XML Catalogs and Namespace Documents

Whilst writing a tutorial on XML Catalogs I started thinking about dereferencing namespace URIs again. Yes, I’m a sucker for punishment. What follows is some thoughts about using XML Catalogs in conjunction with namespace dereferencing…

Let’s take a moment for a brief recap. As a result of a lot of discussion on XML-DEV we have RDDL which can be used to describe “What’s at the end of a namespace URI”. Personally, I like RDDL as it nicely meets its goal of being both human and machine-readable.
The TAG have been considering this same question and have included wording in their Architecture of the World Wide Web document to note that

Namespace designers SHOULD make available human-readable material to meet the needs of those who will use the namespace vocabulary…

and also that…

[a] namespace document should also support the automatic retrieval of other Web resources that support the processing markup from this vocabulary.

Precisely what a “namespace document” looks like is an open issue and there have been a number of different proposals. Some based on RDF, some not. So I expect that eventually there will be a new Technical Recommendation from the W3C defining the format of a namespace document. Then what?
Well, you’ll be able to have your application dereference namespace URIs, obtain the namespace document and use it as a resource discovery tool. It could attempt to find stylesheets that would format the document nicely as HTML, or convert the vocabulary into another, e.g. a normative transformation into RDF for non-RDF vocabularies. The application may also try to find a suitable schema for validating the document. There are a lot of interesting possibilities.
However, there are a couple of issues about this approach that are worth considering, mostly ones concerning control. Who can update the namespace document? The short answer to that is whoever controls the web server on which it resides, and this is likely to be the creator/owner of the namespace. Secondly, do you trust that authority? If you application relies on a schema or transform that it obtains via the namespace document then what if that gets changed or removed? Instant breakage. What if the URL isn’t available for a period? Ooops!
These are all problems that XML Catalogs are designed to solve.

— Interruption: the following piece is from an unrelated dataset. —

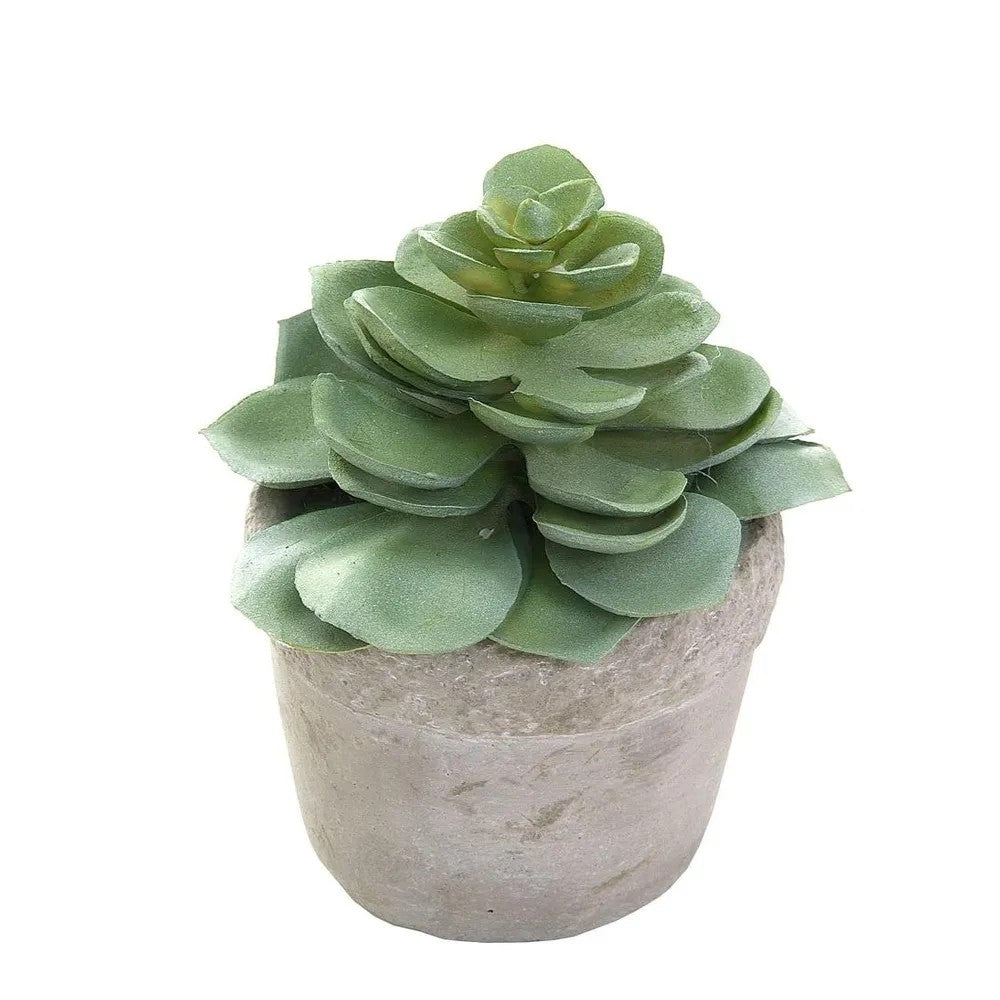Succulent in White Pot 11cm Green | Mavis by Florabelle. Australian Art Prints and Homewares. Green Door Decor. www.greendoordecor.com.au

By allowing a URI obtained from an XML document to be mapped to another URI reference (e.g. to a locally mirrored copy) you can maintain local control over the resources, ensure that the application is always using the correct version, substitute your own fancy transforms, etc, etc. One way to configure this might be to create a catalog that maps the namespace URI to a locally held copy of the namespace document. This catalog would also include mappings for any resources referenced from that document. It would also allow you to locally annotate that namespace document to include additional links to resources of your own creation.
But this approach is dependent on there being some definitive format for a namespace document that you can teach your application to process. Why wait for the TAG to finish? Here’s an alternative which you can use right now:
Create several XML catalogs, each catalog pointing to a different kind of resource. If you application wants to be able to dereference a URI to fetch both an RDF Schema and an XSLT transformation then create two catalogs. The first will map the URI to a locally held copy of the schema. The second will map the same URI to the stylesheet. The question then becomes one of when to use which catalog? This is easily answered as you’re going to be using these resources in different contexts in your application. Simply use a suitably configured URIResolver in each context. You can obtain a catalog aware implementation from the xml-commons project. In fact in all likelihood your application may be only interested in one type of resource (but different applications may be interested in different types). This is an even simpler arrangement as each application can just read the desired catalog.
In this way you can dereference known namespace URIs and retrieve exactly the resource you require. That resource doesn’t even have to be held locally, you can effectively hook up any namespace URI to any resource that you like and dereference it to your hearts content.
The obvious short-coming with this technique is that it isn’t dynamic, i.e. you have to know the useful namespace identifiers in advance. But, you’re no worse off than the current situation in which there may or may not be something at the Namespace URI, and that “something” may or may not be what you expect or need. But you’ve at least got a configuration that would allow you to easily add new resources and namespaces as you encounter them. So to me this isn’t a big problem.
You could even create a “Caching URIResolver” which does attempt to dereference the namespace URI and attempt to process what it finds there. It could then save a local copy of that document or any other useful resources it discovers linked from it, and then update the local catalog automatically. Before returning locally cached copies of resources it could check for newer versions, if thats the behaviour you require. The XML Catalog format is extensible with elements from other namespaces so it’d be possible to add store some caching information in there too.
I’d be interested to hear if anyone is already using something like this. Or whether it breaks all sorts of unwritten rules!